Le miroir redevint clair et une image se dessina sur celui-ci. Une journaliste se tenait à présent au milieu de la glace. La bannière défilante en bas de l’écran indiquait : « La manifestation des augmentés dans les rues de Paris tourne au désastre : 13 morts. ».
-…police n’a pas encore communiqué sur les évènements. Il semblerait que l’un des manifestants ait agressé un agent de police en charge de disperser les protestants, ce qui aurait engendré une lutte entre policiers et augmentés. Une fois de plus, ces actions déstabilisent la crédibilité des revendications des augmentés dont la plus grande part ne peuvent s’offrir les traitements médicaux requis pour garantir l’acceptation des augmentations par le corps humain.

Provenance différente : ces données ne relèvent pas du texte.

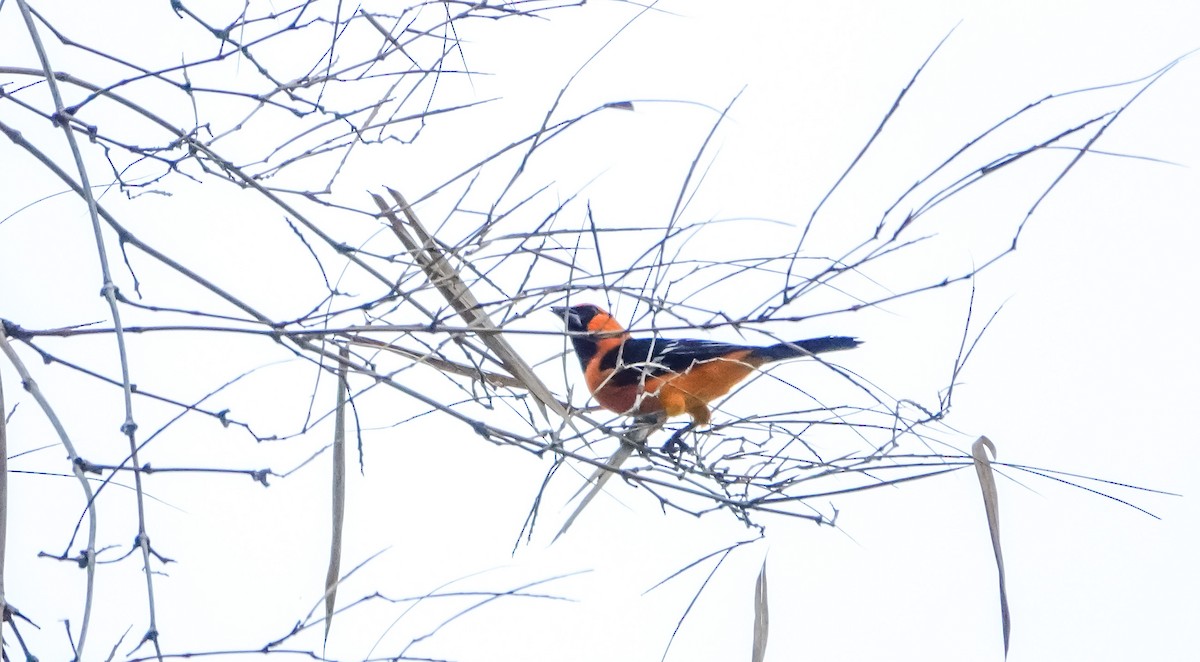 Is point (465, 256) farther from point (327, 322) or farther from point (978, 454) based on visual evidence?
point (978, 454)

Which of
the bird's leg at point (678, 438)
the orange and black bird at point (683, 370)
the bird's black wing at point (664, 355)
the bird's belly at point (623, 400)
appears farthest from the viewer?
the bird's belly at point (623, 400)

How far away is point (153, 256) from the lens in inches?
64.7

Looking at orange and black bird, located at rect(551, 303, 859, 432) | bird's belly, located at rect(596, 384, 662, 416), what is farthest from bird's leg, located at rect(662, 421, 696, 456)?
bird's belly, located at rect(596, 384, 662, 416)

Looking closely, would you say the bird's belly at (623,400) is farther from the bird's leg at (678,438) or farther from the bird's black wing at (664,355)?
the bird's leg at (678,438)

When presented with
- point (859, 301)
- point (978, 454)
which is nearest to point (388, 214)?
point (859, 301)

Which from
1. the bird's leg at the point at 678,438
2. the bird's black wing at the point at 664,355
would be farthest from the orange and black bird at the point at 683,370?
the bird's leg at the point at 678,438

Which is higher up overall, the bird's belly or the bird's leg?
the bird's belly

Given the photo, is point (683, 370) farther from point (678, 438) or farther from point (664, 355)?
point (678, 438)

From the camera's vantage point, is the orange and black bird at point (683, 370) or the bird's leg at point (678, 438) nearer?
the bird's leg at point (678, 438)

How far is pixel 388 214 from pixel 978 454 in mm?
918

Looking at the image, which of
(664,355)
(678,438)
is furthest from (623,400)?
(678,438)

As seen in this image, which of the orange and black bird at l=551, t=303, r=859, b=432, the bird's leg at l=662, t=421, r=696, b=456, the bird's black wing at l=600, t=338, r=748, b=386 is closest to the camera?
the bird's leg at l=662, t=421, r=696, b=456

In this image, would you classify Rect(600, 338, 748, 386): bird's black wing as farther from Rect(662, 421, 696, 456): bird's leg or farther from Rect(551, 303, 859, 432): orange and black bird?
Rect(662, 421, 696, 456): bird's leg

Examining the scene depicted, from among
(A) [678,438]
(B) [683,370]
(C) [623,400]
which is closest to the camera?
(A) [678,438] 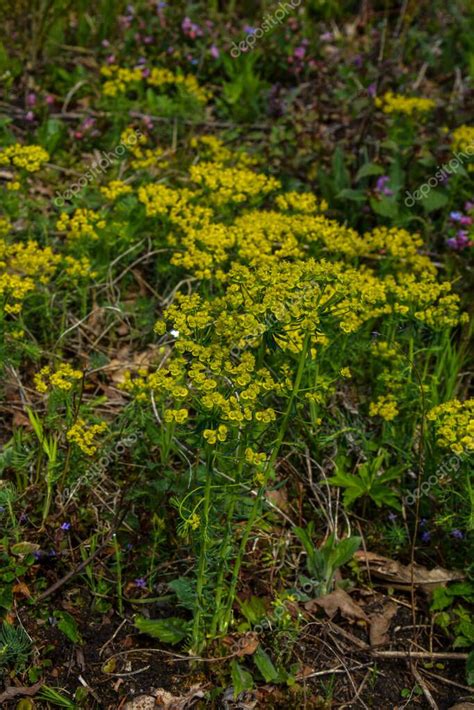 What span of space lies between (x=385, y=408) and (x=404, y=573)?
2.14 feet

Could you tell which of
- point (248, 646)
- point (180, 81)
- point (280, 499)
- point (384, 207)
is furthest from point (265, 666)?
point (180, 81)

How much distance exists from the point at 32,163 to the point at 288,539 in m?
2.19

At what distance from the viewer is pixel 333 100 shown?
5.82 metres

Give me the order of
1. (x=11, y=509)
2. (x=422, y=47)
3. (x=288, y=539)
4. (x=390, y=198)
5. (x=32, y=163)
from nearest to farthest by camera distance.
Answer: (x=11, y=509)
(x=288, y=539)
(x=32, y=163)
(x=390, y=198)
(x=422, y=47)

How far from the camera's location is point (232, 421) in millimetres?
2336

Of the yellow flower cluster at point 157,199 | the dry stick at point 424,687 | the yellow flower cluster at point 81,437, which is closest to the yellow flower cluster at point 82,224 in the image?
the yellow flower cluster at point 157,199

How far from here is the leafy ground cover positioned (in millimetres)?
2652

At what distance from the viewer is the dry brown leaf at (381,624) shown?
2994 millimetres

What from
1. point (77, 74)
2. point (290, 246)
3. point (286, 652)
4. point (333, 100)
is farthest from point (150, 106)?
point (286, 652)

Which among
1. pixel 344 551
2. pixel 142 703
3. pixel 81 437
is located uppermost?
pixel 81 437

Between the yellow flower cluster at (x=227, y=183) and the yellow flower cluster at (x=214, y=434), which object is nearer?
the yellow flower cluster at (x=214, y=434)

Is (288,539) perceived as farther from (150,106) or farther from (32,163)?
(150,106)

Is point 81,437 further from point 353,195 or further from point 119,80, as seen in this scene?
point 119,80

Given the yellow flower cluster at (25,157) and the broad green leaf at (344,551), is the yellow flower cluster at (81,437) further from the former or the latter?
the yellow flower cluster at (25,157) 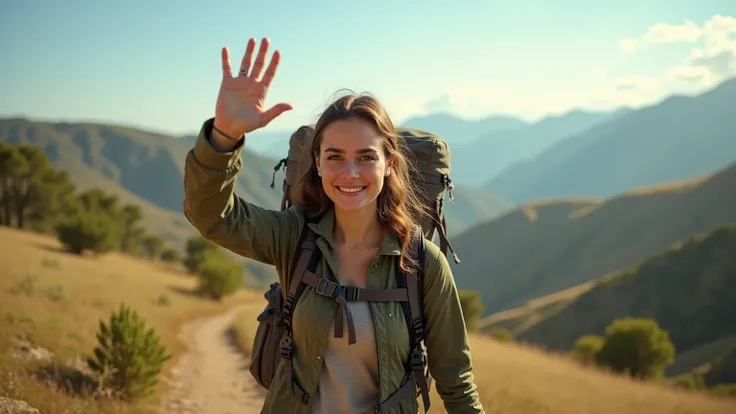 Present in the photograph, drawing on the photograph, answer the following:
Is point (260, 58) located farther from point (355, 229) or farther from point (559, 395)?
point (559, 395)

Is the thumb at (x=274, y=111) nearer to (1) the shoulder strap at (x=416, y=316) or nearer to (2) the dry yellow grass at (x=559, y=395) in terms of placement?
(1) the shoulder strap at (x=416, y=316)

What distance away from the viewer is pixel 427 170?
389cm

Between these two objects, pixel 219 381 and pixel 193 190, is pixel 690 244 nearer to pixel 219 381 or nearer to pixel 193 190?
pixel 219 381

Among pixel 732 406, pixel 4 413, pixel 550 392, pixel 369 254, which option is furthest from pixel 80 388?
pixel 732 406

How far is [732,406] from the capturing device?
1332 centimetres

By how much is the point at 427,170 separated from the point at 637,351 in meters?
31.5

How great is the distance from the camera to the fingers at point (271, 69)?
101 inches

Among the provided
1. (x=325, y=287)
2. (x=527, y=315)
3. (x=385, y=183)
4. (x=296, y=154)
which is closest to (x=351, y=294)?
(x=325, y=287)

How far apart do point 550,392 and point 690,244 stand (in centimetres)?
7646

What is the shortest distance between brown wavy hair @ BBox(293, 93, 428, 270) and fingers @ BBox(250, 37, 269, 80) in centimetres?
45

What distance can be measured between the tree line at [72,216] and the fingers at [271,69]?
95.4 ft

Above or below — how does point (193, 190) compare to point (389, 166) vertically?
below

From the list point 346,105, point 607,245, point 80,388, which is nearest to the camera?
point 346,105

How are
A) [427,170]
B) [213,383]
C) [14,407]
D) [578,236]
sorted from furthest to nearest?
[578,236] → [213,383] → [14,407] → [427,170]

-Merci Irène Mercier pour avoir couvert l’évènement sur place. A présent, nous recevons en plateau..., commença le présentateur en studio que Deckan n’écoutait plus.
Il mit fin à sa douche et enroula une serviette autour de sa taille. Il soupira en s’appuyant face à son évier et prit le blaireau après avoir éteint l’écran. Il ne voulait plus entendre de mauvaises nouvelles. Victor porta son regard sur son image : il avait bien meilleure mine à présent. Néanmoins, ses traits étaient encore tiraillés par la fatigue. Il appliqua alors de la mousse sur sa barbe puis entreprit de se raser.
-Fait chier, jura-t-il alors qu’il sentait le rasoir le couper.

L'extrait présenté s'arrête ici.